On Saturday, the women of the bridal party got ready at the parish school across the street from the church where the wedding was held. "Got ready" is ... well ... I showed up, sat around for 45 minutes and then put on my dress and walked across the street. That was my weekend pre-wedding. I was efficient and on time, everyone else was late as fuck.

But back to the school. I attended CCD classes there from first grade through my senior year of high school; nearly every single Thursday morning, I was there. That's right -- we went to our religious education classes during school time. Those who didn't got extra art or study hall or other awesome things. Fuck that noise. I often lobbied my mom to let me stay at school and have an extra study hall, but usually to no avail.

When I was attending those religious education classes there, I do not recall the place being plastered with anti-abortion posters. But it was on Saturday. It also smelled like urinal cakes. Yum!

The most awful of these posters was this one:


Look, I'm unabashedly pro-choice.

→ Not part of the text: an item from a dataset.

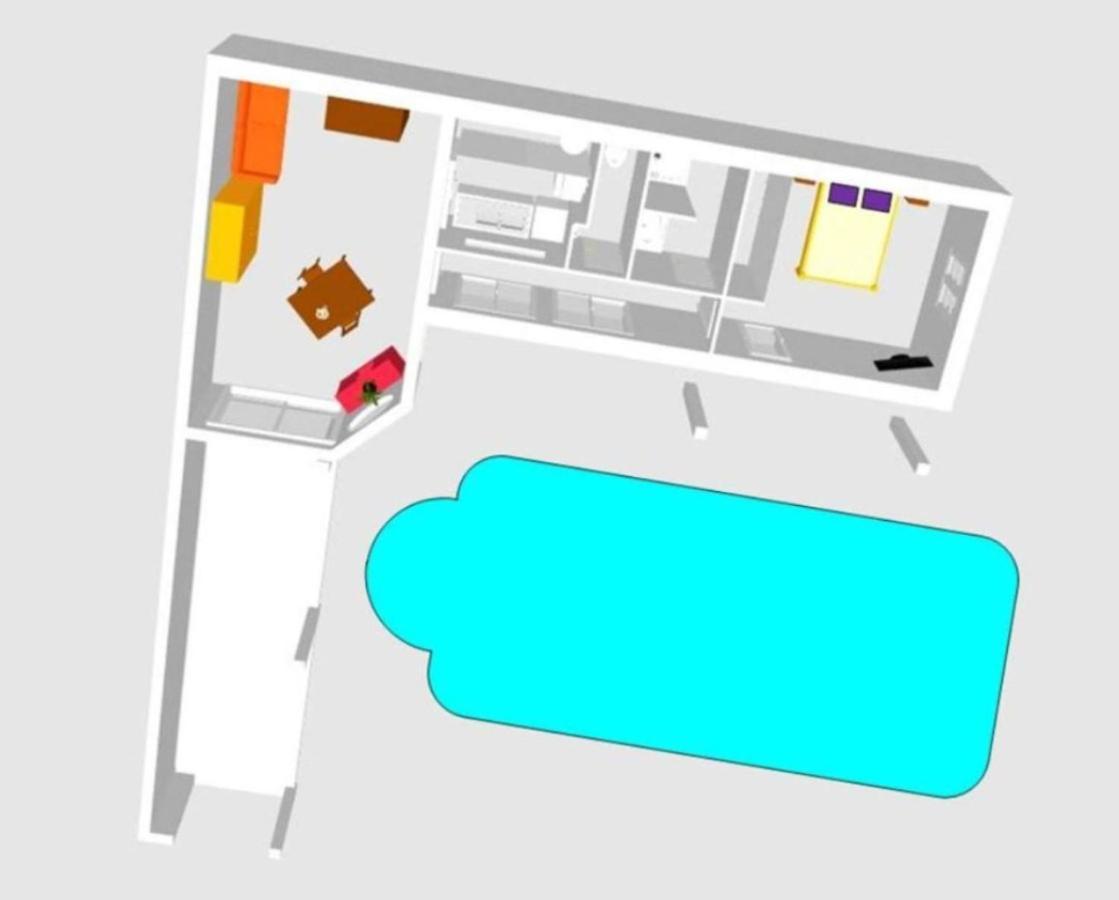 Gite Calme #2 Ou 3 Pers #Piscine #Cholet #Wifi Haut Debit #Travailleurs Thales Lacroix Et Autres Entreprises #Petits Dejeuners Et Repas Possibles Sur Demande Le May-sur-Evre Екстер'єр фото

You could possibly even call me rabid. But come on. Any person with a brain would look at that baby and know that black-eyed demon babies should always be aborted. That baby looks like he's been infected with the black oil from The X-Files. THAT BABY IS EVIL.

That wasn't the end of the anti-choice shit I heard/saw over the weekend. There was a petition for "pre-born" babies during the Mass. I tried to give the benefit of the doubt, because the matron of honor is knocked up. However, that still stuck in my craw (as evidenced by the fact that I'm still annoyed today).

Seriously, though -- don't let the demon babies take over.